● **TASK INPUTS**
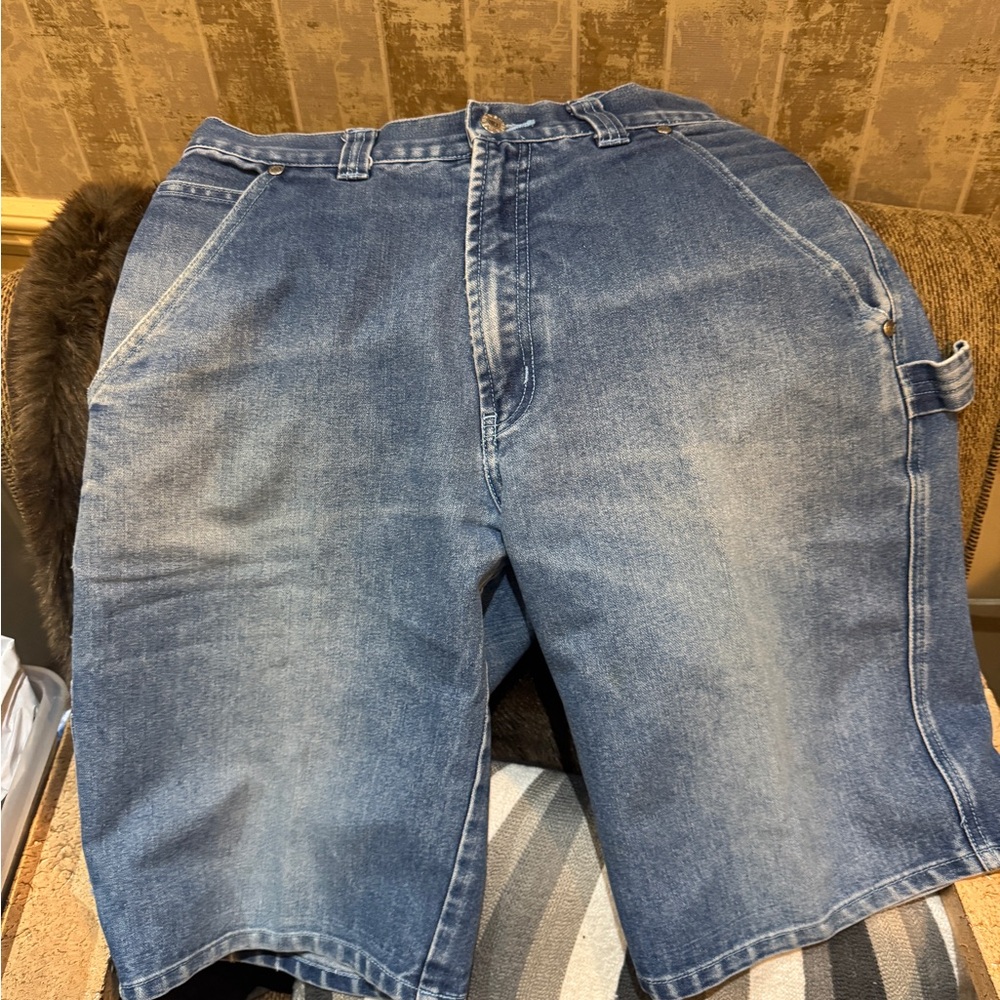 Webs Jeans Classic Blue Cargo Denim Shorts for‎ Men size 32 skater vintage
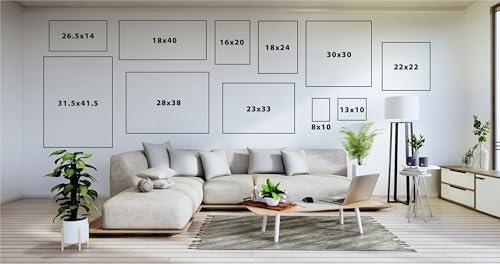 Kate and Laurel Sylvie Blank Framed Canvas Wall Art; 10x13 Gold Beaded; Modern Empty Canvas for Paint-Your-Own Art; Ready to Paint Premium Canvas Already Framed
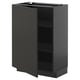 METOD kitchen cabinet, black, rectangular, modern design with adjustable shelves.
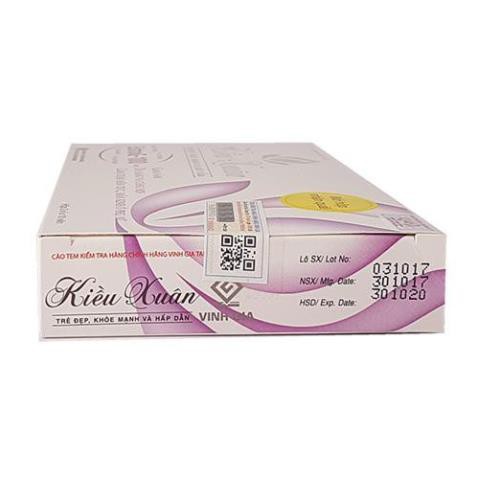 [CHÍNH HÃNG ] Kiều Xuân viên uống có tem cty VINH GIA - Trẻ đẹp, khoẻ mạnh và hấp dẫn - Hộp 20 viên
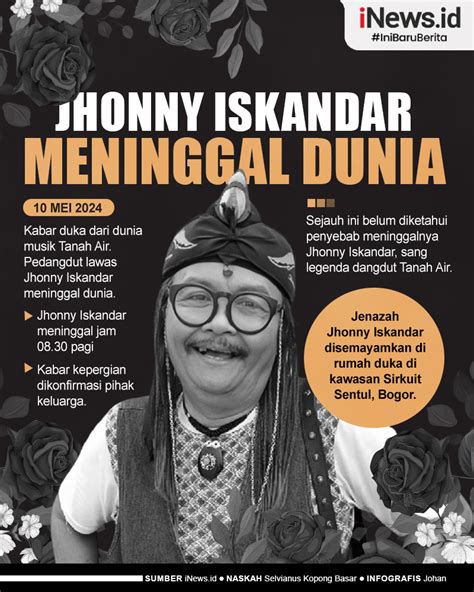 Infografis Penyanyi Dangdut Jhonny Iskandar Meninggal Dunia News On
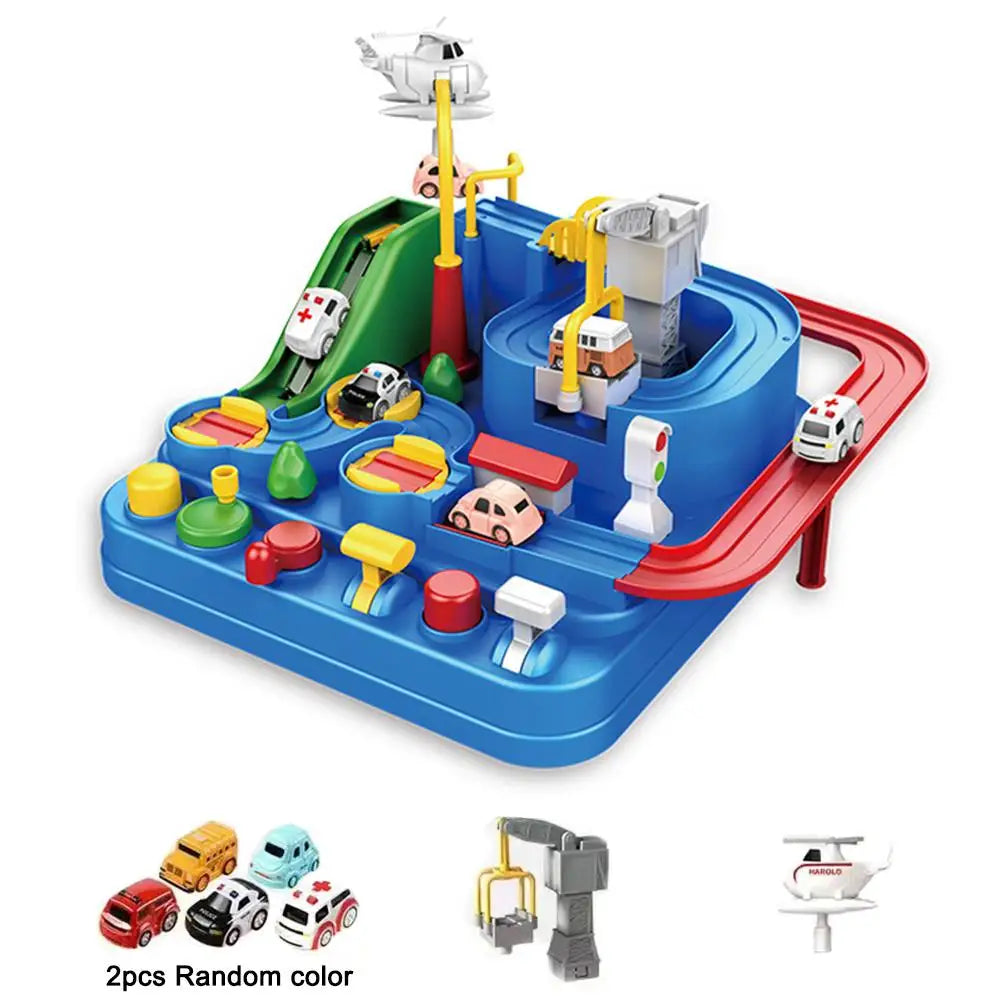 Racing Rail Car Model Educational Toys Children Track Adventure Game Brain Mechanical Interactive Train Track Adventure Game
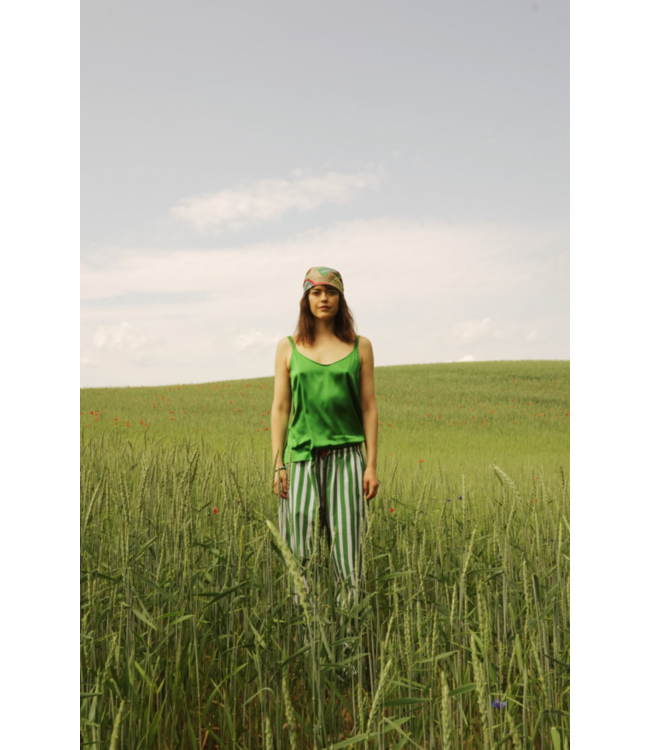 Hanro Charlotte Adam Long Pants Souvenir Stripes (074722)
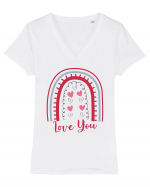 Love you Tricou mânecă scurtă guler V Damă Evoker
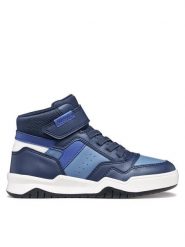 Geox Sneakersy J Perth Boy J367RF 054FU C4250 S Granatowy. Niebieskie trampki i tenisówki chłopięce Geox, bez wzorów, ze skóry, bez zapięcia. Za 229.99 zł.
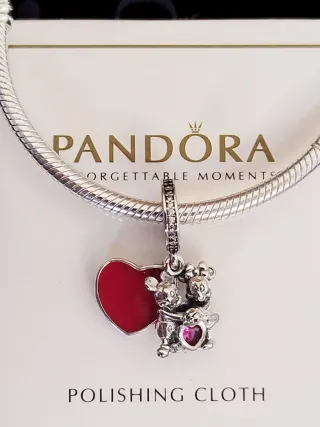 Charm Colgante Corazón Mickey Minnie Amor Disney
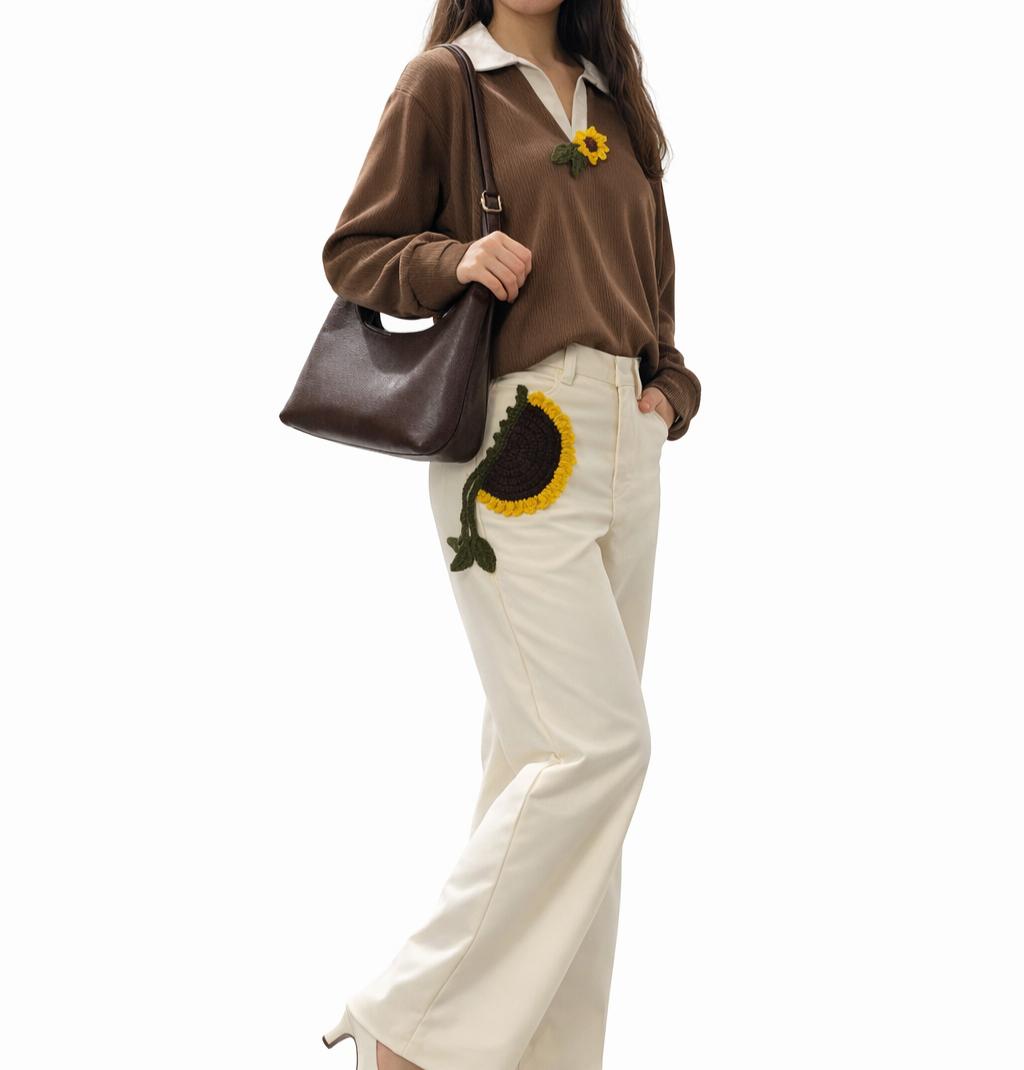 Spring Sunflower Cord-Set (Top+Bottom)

● **ABOUT THIS EXERCISE**
In the copy, include every entry above exactly and leave out each picture.

● **YOUR SOLUTION**
 Webs Jeans Classic Blue Cargo Denim Shorts for‎ Men size 32 skater vintage
 Kate and Laurel Sylvie Blank Framed Canvas Wall Art; 10x13 Gold Beaded; Modern Empty Canvas for Paint-Your-Own Art; Ready to Paint Premium Canvas Already Framed
 METOD kitchen cabinet, black, rectangular, modern design with adjustable shelves.
 [CHÍNH HÃNG ] Kiều Xuân viên uống có tem cty VINH GIA - Trẻ đẹp, khoẻ mạnh và hấp dẫn - Hộp 20 viên
 Infografis Penyanyi Dangdut Jhonny Iskandar Meninggal Dunia News On
 Racing Rail Car Model Educational Toys Children Track Adventure Game Brain Mechanical Interactive Train Track Adventure Game
 Hanro Charlotte Adam Long Pants Souvenir Stripes (074722)
 Love you Tricou mânecă scurtă guler V Damă Evoker
 Geox Sneakersy J Perth Boy J367RF 054FU C4250 S Granatowy. Niebieskie trampki i tenisówki chłopięce Geox, bez wzorów, ze skóry, bez zapięcia. Za 229.99 zł.
 Charm Colgante Corazón Mickey Minnie Amor Disney
 Spring Sunflower Cord-Set (Top+Bottom)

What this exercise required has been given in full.